# EXERCISE PROMPT
Copying each record below exactly is the whole task.

<<<<

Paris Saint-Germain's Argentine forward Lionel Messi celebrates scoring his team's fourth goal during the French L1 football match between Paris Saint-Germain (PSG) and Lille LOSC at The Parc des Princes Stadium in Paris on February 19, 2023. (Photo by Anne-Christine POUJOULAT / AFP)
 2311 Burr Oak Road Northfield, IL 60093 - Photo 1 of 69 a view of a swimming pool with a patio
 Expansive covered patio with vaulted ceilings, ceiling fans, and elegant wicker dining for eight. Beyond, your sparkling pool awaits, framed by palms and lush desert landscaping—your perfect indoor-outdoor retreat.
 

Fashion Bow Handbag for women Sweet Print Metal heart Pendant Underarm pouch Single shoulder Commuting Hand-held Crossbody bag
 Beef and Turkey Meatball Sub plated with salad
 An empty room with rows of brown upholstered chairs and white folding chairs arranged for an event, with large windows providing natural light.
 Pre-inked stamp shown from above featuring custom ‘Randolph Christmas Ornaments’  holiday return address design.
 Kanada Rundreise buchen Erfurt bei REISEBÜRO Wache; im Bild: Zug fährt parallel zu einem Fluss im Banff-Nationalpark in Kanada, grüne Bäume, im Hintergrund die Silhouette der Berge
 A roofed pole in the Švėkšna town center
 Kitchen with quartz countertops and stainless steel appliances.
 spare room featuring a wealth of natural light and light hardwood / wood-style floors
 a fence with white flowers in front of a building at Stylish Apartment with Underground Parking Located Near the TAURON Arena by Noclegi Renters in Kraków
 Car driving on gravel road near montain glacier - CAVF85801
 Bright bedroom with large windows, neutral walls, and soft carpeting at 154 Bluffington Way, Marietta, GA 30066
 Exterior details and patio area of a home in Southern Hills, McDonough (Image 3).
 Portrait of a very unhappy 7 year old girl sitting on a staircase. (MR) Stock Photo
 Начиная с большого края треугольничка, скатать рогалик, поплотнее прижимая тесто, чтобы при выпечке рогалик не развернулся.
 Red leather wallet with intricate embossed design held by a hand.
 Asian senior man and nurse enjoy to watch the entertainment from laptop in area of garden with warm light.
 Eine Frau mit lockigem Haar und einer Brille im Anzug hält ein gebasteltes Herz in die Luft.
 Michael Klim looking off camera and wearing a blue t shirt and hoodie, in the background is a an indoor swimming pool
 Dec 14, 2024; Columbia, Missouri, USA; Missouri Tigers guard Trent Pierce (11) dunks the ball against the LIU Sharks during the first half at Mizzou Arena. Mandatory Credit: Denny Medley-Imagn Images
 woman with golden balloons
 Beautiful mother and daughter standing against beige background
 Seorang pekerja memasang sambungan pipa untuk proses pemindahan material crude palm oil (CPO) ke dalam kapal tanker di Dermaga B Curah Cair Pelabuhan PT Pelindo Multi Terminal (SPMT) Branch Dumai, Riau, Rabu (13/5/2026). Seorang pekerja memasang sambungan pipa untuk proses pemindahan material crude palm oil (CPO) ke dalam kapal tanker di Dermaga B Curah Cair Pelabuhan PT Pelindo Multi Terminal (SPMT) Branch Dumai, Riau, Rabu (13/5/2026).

>>>>

# OUTPUT FOR THIS TASK
Paris Saint-Germain's Argentine forward Lionel Messi celebrates scoring his team's fourth goal during the French L1 football match between Paris Saint-Germain (PSG) and Lille LOSC at The Parc des Princes Stadium in Paris on February 19, 2023. (Photo by Anne-Christine POUJOULAT / AFP)
 2311 Burr Oak Road Northfield, IL 60093 - Photo 1 of 69 a view of a swimming pool with a patio
 Expansive covered patio with vaulted ceilings, ceiling fans, and elegant wicker dining for eight. Beyond, your sparkling pool awaits, framed by palms and lush desert landscaping—your perfect indoor-outdoor retreat.
 

Fashion Bow Handbag for women Sweet Print Metal heart Pendant Underarm pouch Single shoulder Commuting Hand-held Crossbody bag
 Beef and Turkey Meatball Sub plated with salad
 An empty room with rows of brown upholstered chairs and white folding chairs arranged for an event, with large windows providing natural light.
 Pre-inked stamp shown from above featuring custom ‘Randolph Christmas Ornaments’  holiday return address design.
 Kanada Rundreise buchen Erfurt bei REISEBÜRO Wache; im Bild: Zug fährt parallel zu einem Fluss im Banff-Nationalpark in Kanada, grüne Bäume, im Hintergrund die Silhouette der Berge
 A roofed pole in the Švėkšna town center
 Kitchen with quartz countertops and stainless steel appliances.
 spare room featuring a wealth of natural light and light hardwood / wood-style floors
 a fence with white flowers in front of a building at Stylish Apartment with Underground Parking Located Near the TAURON Arena by Noclegi Renters in Kraków
 Car driving on gravel road near montain glacier - CAVF85801
 Bright bedroom with large windows, neutral walls, and soft carpeting at 154 Bluffington Way, Marietta, GA 30066
 Exterior details and patio area of a home in Southern Hills, McDonough (Image 3).
 Portrait of a very unhappy 7 year old girl sitting on a staircase. (MR) Stock Photo
 Начиная с большого края треугольничка, скатать рогалик, поплотнее прижимая тесто, чтобы при выпечке рогалик не развернулся.
 Red leather wallet with intricate embossed design held by a hand.
 Asian senior man and nurse enjoy to watch the entertainment from laptop in area of garden with warm light.
 Eine Frau mit lockigem Haar und einer Brille im Anzug hält ein gebasteltes Herz in die Luft.
 Michael Klim looking off camera and wearing a blue t shirt and hoodie, in the background is a an indoor swimming pool
 Dec 14, 2024; Columbia, Missouri, USA; Missouri Tigers guard Trent Pierce (11) dunks the ball against the LIU Sharks during the first half at Mizzou Arena. Mandatory Credit: Denny Medley-Imagn Images
 woman with golden balloons
 Beautiful mother and daughter standing against beige background
 Seorang pekerja memasang sambungan pipa untuk proses pemindahan material crude palm oil (CPO) ke dalam kapal tanker di Dermaga B Curah Cair Pelabuhan PT Pelindo Multi Terminal (SPMT) Branch Dumai, Riau, Rabu (13/5/2026). Seorang pekerja memasang sambungan pipa untuk proses pemindahan material crude palm oil (CPO) ke dalam kapal tanker di Dermaga B Curah Cair Pelabuhan PT Pelindo Multi Terminal (SPMT) Branch Dumai, Riau, Rabu (13/5/2026).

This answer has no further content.